# Goal of the exercise
How many lines in the records below include "https"? Answer with the number only.

# Exercise material
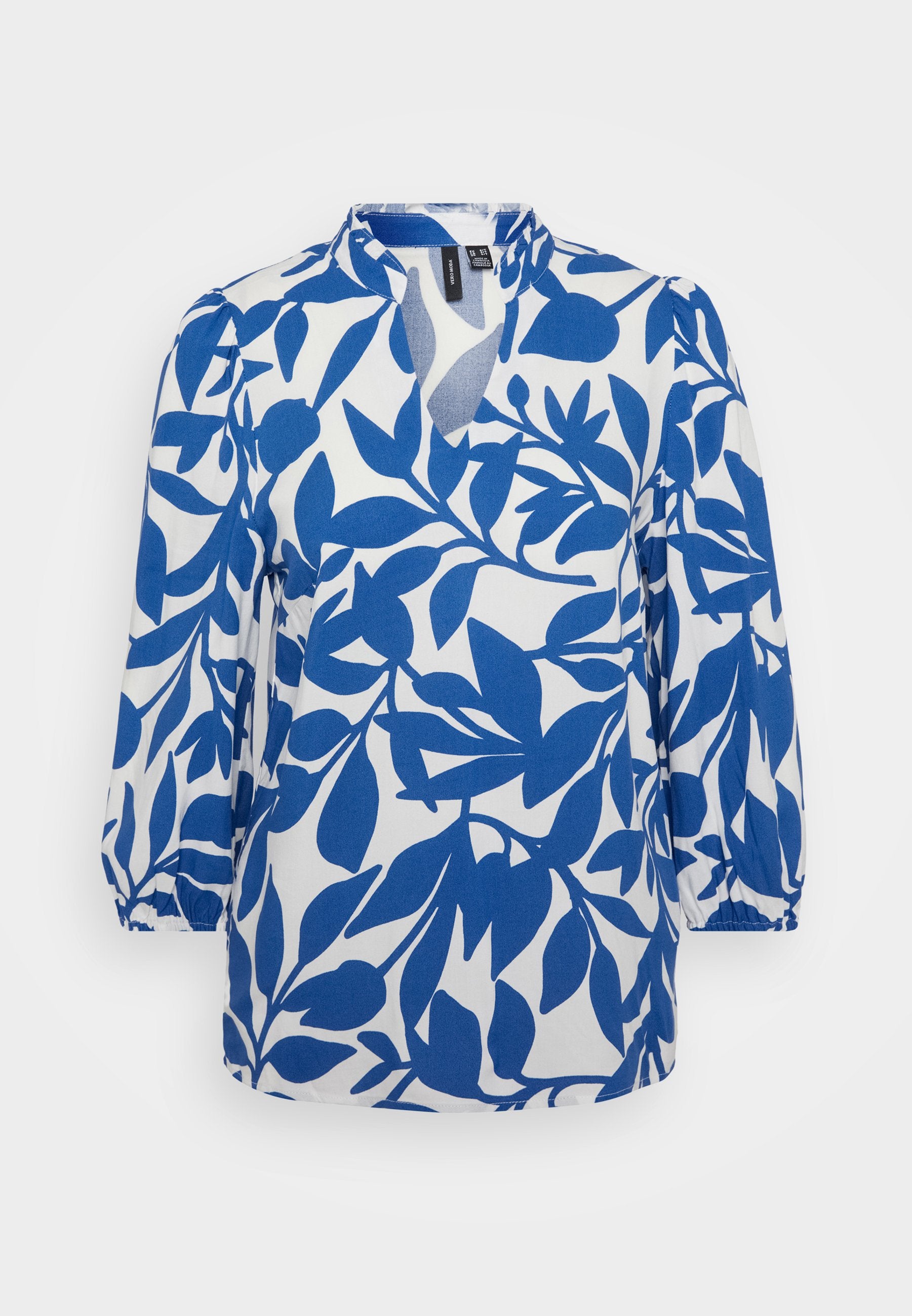 Bluse mit blauen und weißen Mustern, V-Ausschnitt, dreiviertel Puffärmeln und einem floralen Blätterdesign aus leichtem Stoff.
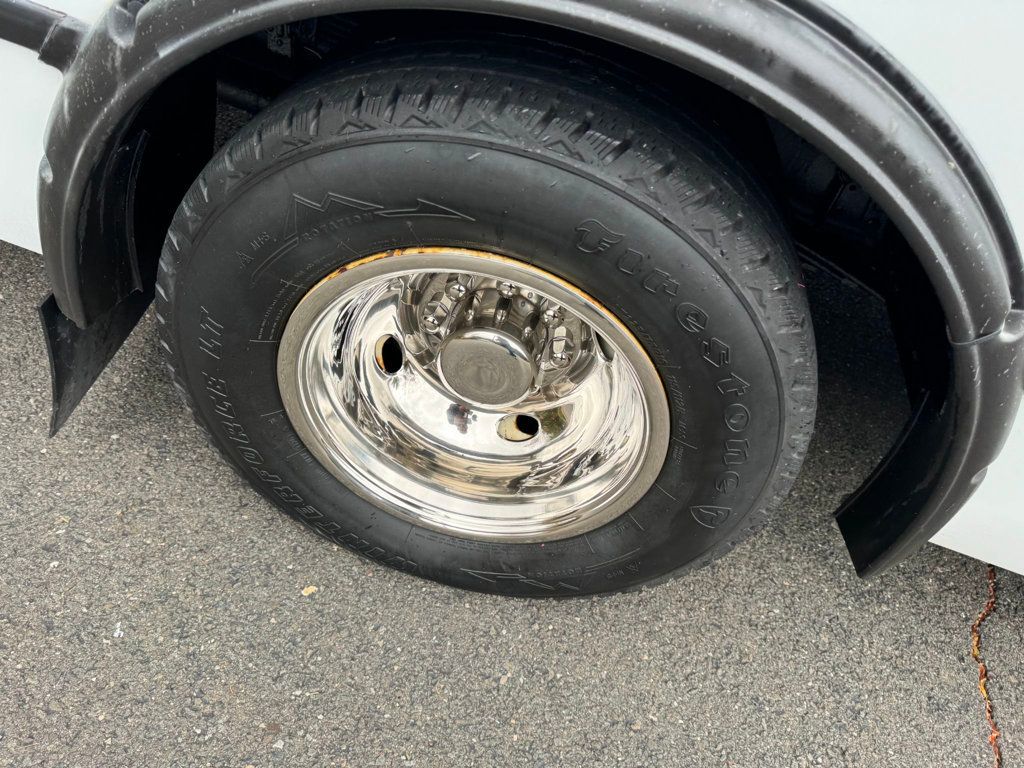 2016 Ford E-350 Cutaway Non-CDL Wheelchair Shuttle Bus For Adults Seniors Church Medical Transport With Lift - 22631402 - 38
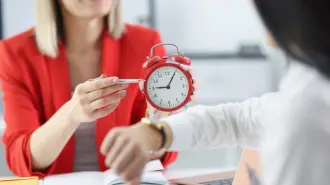 La Secretaría tiene previsto presentarla en esa fecha, después de los seis foros que programados para su discusión.

Para más información del tema, visita: https://www.eleconomista.com.mx/empresas/stps-propuesta-reforma-sobre-jornada-laboral-1-septiembre-20250608-762694.html

¡Síguenos en nuestras redes sociales para mantenerte informado!

Twitter: https://twitter.com/eleconomista 
Facebook: https://www.facebook.com/ElEconomista.mx
Instagram: https://www.instagram.com/eleconomistamx
LinkedIn: https://www.linkedin.com/company/el-economista/
T

#ElEconomista #EETV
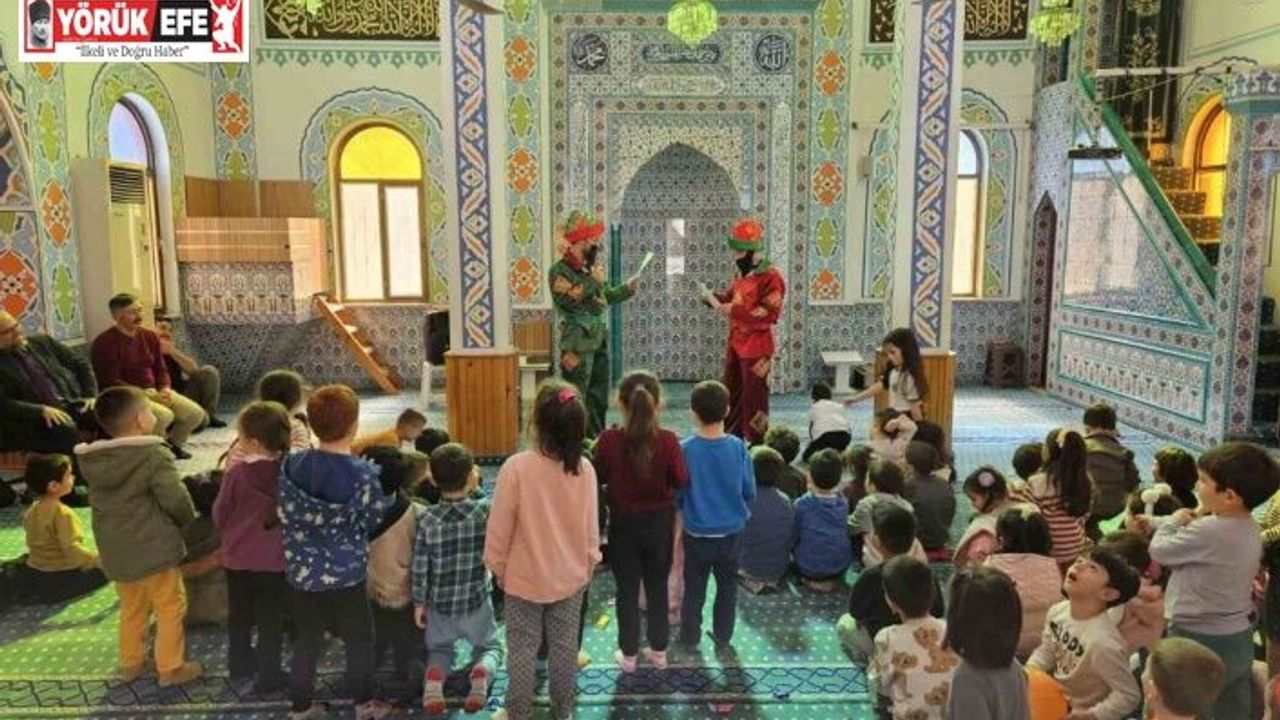 Köşk Müftülüğü camiyi oyun parkına çevirdi, mihrapta imam yerine Hacivat-Karagöz yer aldı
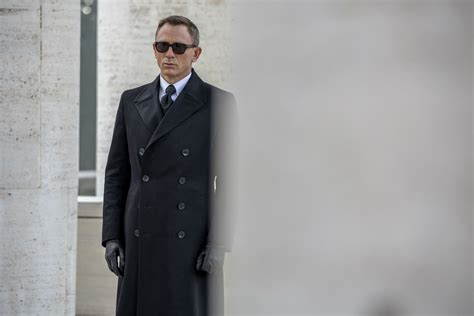 Daniel craig is set to appear for the last time as james bond in no time to die. Spectre - Daniel Craig stars as James Bond - blackfilm.com ...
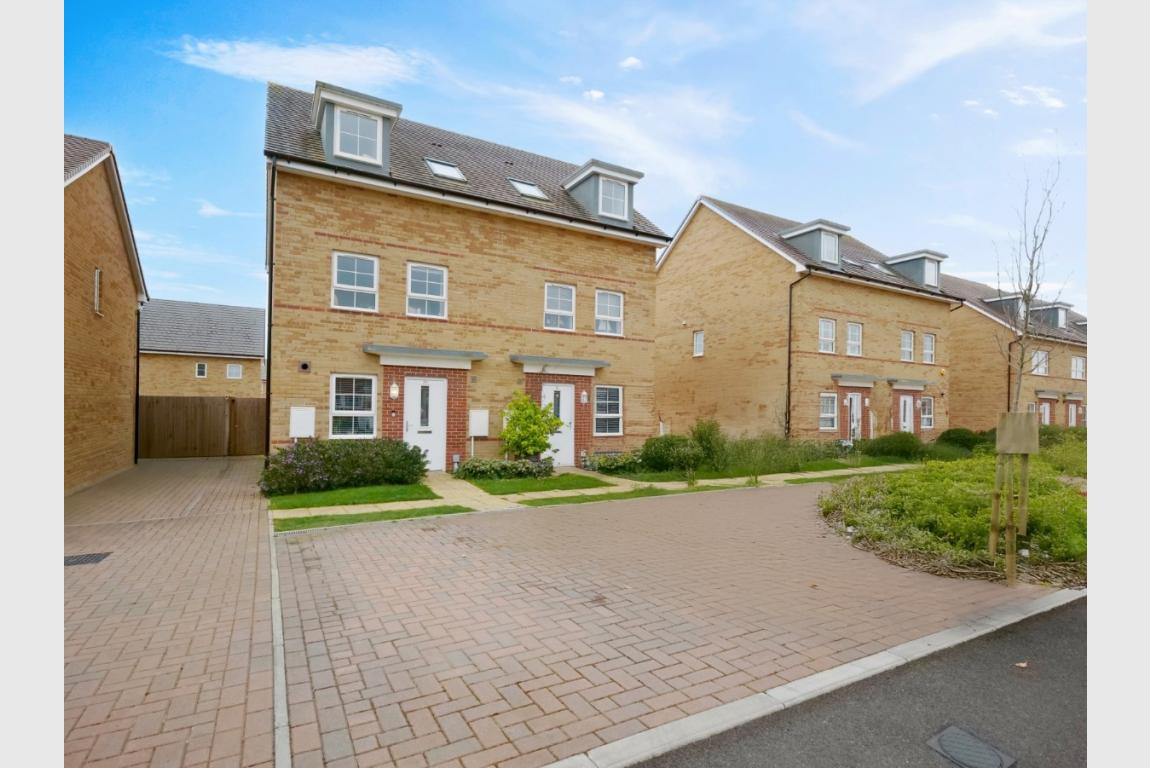 Image: 1 Strickland Way Wimborne Dorset Wimborne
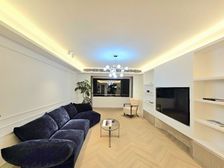 有车位,有电梯,环保材料精装,随时看房,价格好谈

# Completed task
5